The organization reports that most companies offer boat insurance with liability limits starting at $15,000 with the capability of going up to $300,000. Boat owners may also consider purchasing an umbrella liability policy which will provide additional protection for their boat, home and car.
Brokers and agents can also consider offering coverage for special equipment kept on the boat, including fishing gear. Towing coverage should be included in the policy.
Boat insurance policies can provide physical damage coverage on an actual cash value or an agreed amount value basis. Both types of boat insurance policies offer important coverage, but with significant differences.
Actual cash value policies covers the replacement cost of the boat, minus the depreciation at the time of the loss. If a total loss occurs, used boat pricing guides and other resources are used to determine the approximate market value of the vessel. Partial losses are settled by taking the total cost of the repair less a percentage for depreciation.

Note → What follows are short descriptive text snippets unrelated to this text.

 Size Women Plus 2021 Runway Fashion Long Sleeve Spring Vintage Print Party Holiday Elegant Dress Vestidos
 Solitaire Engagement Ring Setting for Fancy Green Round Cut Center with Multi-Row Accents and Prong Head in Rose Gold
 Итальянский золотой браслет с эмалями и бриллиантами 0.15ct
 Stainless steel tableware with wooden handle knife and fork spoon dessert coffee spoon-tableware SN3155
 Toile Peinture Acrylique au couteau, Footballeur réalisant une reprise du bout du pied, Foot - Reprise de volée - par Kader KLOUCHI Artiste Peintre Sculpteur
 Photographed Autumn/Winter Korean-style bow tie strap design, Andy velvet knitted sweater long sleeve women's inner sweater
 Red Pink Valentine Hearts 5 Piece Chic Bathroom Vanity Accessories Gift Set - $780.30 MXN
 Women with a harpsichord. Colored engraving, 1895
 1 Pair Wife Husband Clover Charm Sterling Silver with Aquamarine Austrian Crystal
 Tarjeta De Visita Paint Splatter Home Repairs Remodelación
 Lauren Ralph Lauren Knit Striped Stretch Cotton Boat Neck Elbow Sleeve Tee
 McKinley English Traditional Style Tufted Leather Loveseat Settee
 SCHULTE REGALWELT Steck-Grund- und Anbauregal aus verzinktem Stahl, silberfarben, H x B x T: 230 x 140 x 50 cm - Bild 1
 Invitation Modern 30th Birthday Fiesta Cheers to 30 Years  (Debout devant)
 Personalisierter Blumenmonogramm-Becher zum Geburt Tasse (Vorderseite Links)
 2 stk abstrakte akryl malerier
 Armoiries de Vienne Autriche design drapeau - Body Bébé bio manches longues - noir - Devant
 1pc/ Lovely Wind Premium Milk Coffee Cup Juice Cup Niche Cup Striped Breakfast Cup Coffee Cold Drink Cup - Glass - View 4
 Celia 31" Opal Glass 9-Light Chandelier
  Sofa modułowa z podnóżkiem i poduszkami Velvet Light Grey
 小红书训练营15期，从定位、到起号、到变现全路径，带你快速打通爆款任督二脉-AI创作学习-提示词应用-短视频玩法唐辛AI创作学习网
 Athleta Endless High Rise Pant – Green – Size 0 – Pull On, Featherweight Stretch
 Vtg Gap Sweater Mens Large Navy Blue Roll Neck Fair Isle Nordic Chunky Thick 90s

Agreed amount value-based policies mean a boat owner and and an insurer have agreed on the value of your vessel and in the event of a total loss you will be paid that amount. These types of policies also replace old items for new in the event of a partial loss, without any deduction for depreciation.
Some discounts are commonly available for boat policies including:
• Diesel powered craft, which are less hazardous than gasoline powered boats as they are less likely to explode
• Coast Guard approved fire extinguishers
• Ship-to-shore radios
• Two years of claims-free experience
• Multiple policies with the same insurer, such as an auto, homeowners or umbrella policy
• Completion of safety education courses.